Received a valid push; starting a build. Commits are:

8ae4553 scores() return now a GenomicRanges object with th...

bioc-issue-bot commented 7 years ago

Dear Package contributor,

This is the automated single package builder at bioconductor.org.

Your package has been built on Linux, Mac, and Windows.

Congratulations! The package built without errors or warnings on all platforms.

Please see the following build report for more details:

http://bioconductor.org/spb_reports/GenomicScores_buildreport_20170405103010.html

bioc-issue-bot commented 7 years ago

Received a valid push; starting a build. Commits are:

d160b54 Fixed the missing scores.only=FALSE argument in th...

bioc-issue-bot commented 7 years ago

Dear Package contributor,

This is the automated single package builder at bioconductor.org.

Your package has been built on Linux, Mac, and Windows.

Congratulations! The package built without errors or warnings on all platforms.

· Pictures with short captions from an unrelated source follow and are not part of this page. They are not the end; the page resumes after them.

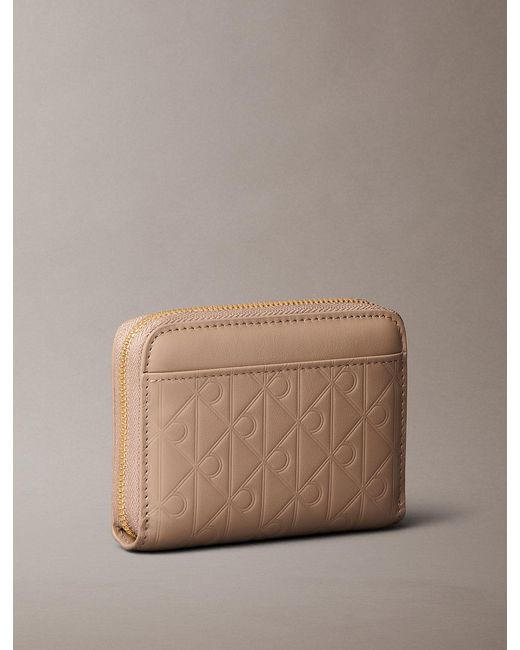 Calvin Klein Brown Embossed Emblem Logo Zip Wallet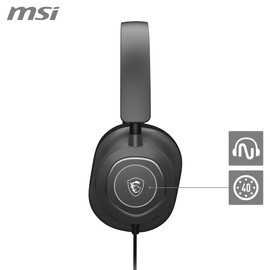 MSI Maestro 300 Gaming Headset - 40mm Neodymium Driver, Unidirectional Cardioid Microphone, High Density Foam Ear Pads, Lightweight and Rotating Design, USB-C to A Adapter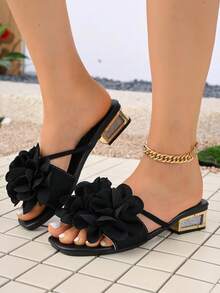 Sandalias de moda con decoración floral para mujer, casuales versátiles para playa de verano, con tacón de cristal, estilo minimalista - Negro - Ver 4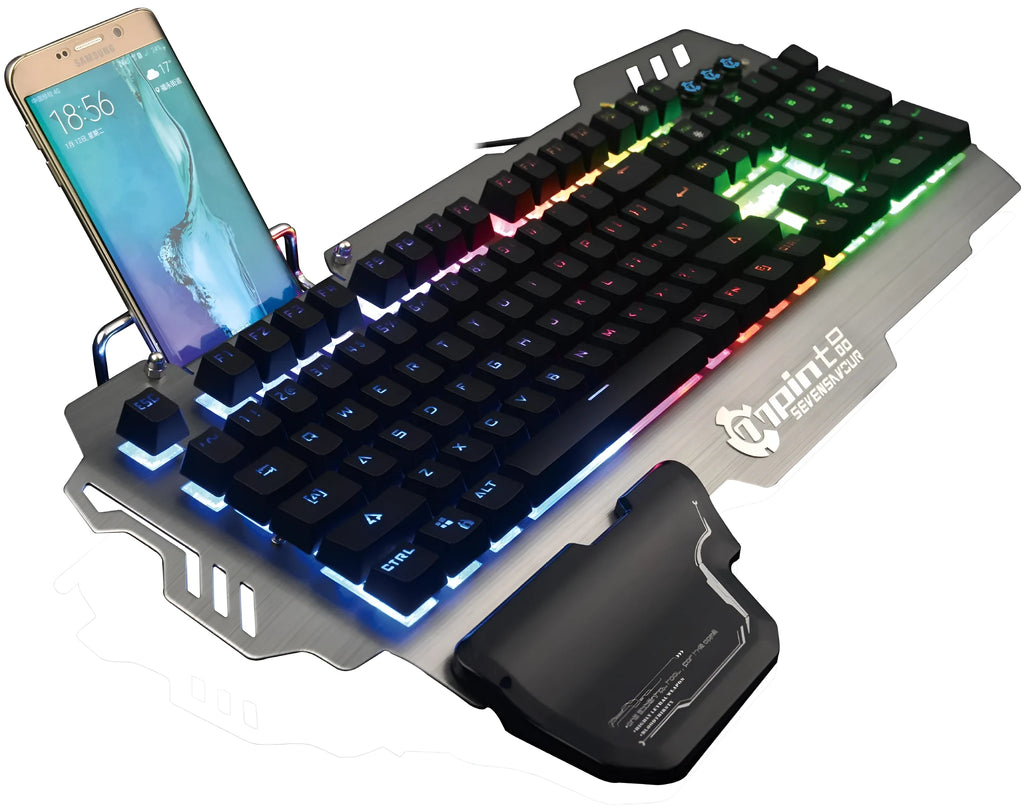 Silver gray wired mechanical gaming keyboard with metal wire frame and mixed light effects on a desktop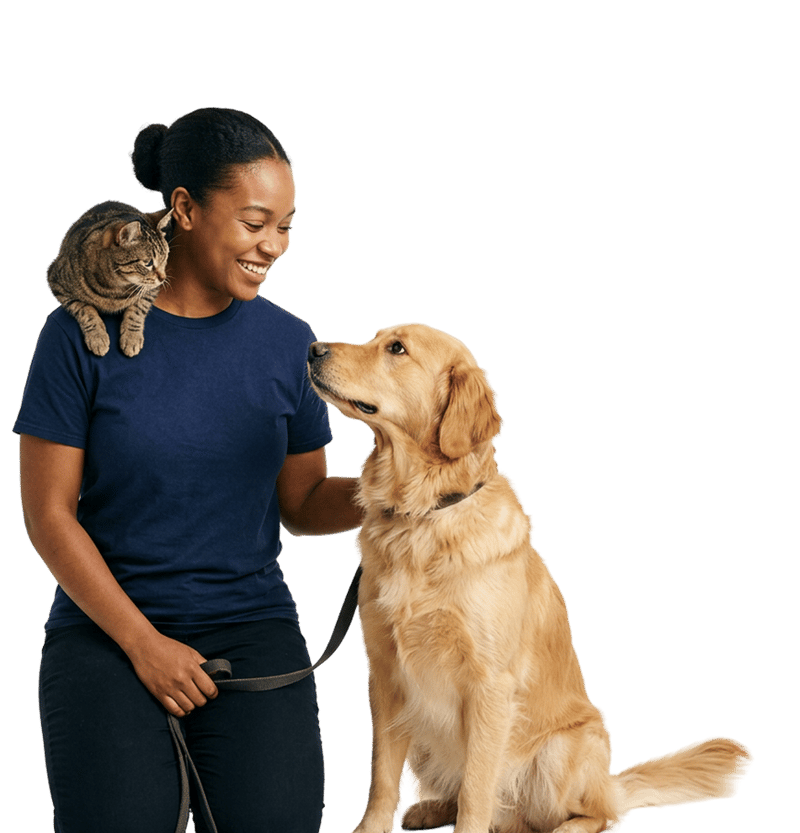 Pet sitter with dog and cat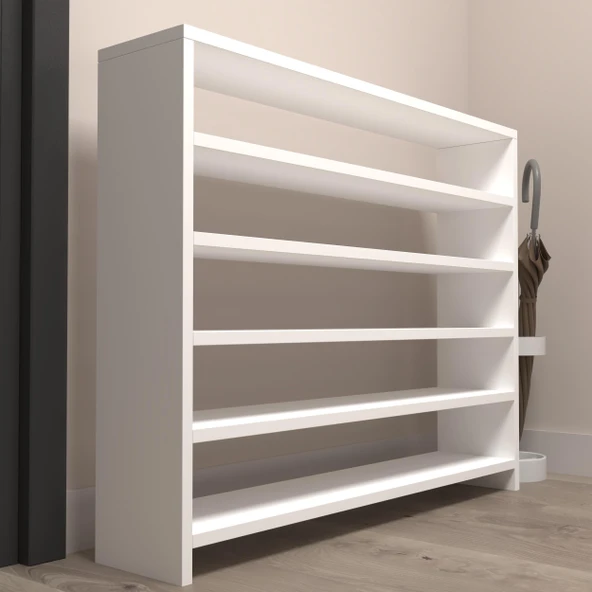 Kenzlife ayakkabılık mısri mat beyaz suntalam 080*080*20 yimi çift ayakkabı kapasitesi arkalıksız - Resim 3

Please see the following build report for more details:

http://bioconductor.org/spb_reports/GenomicScores_buildreport_20170405112305.html

rcastelo commented 7 years ago

Hi Hervé,

I have pushed an update to make the scores() method returning by default a GRanges object with a scores metadata column, and add an option scores.only, which is set to FALSE by default but when set to TRUE, then it returns a numeric vector with the scores. Because the newer annotation phastCons100way.UCSC.hg19. package is not yet available, you will not see this in the vignette, but you can try the following to see it working in a R session:

library(GenomicScores)
gsco <- getGScores("phastCons100way.UCSC.hg19")
scores(gsco, GRanges(seqnames="chr7", IRanges(start=117232380, width=5)))
GRanges object with 1 range and 1 metadata column:
      seqnames                 ranges strand |    scores
         <Rle>              <IRanges>  <Rle> | <numeric>
  [1]     chr7 [117232380, 117232384]      * |      0.92
  -------
  seqinfo: 1 sequence from an unspecified genome; no seqlengths
scores(gsco, GRanges(seqnames="chr7", IRanges(start=117232380, width=5)), scores.only=TRUE)
[1] 0.92

cheers,

robert.

hpages commented 7 years ago

Excellent! Thanks. I'm marking the package as accepted. I realize there are still important things that need to happen (modify VariantFiltering, rebuild and propagate the phastCons annotations, etc...) and we are short in time before the release. My feeling is that these changes have the potential to disrupt the builds so please be extra careful when you work on them, especially since BioC 3.5 enters feature freeze next Friday (at least in theory). Thanks again for this new contribution! H.

rcastelo commented 7 years ago

hi, great! thanks again for your help. I've submitted a few changes in VariantFiltering and GenomicScores to ensure that this transition do not disrupt the builds. I'll try to be extra careful.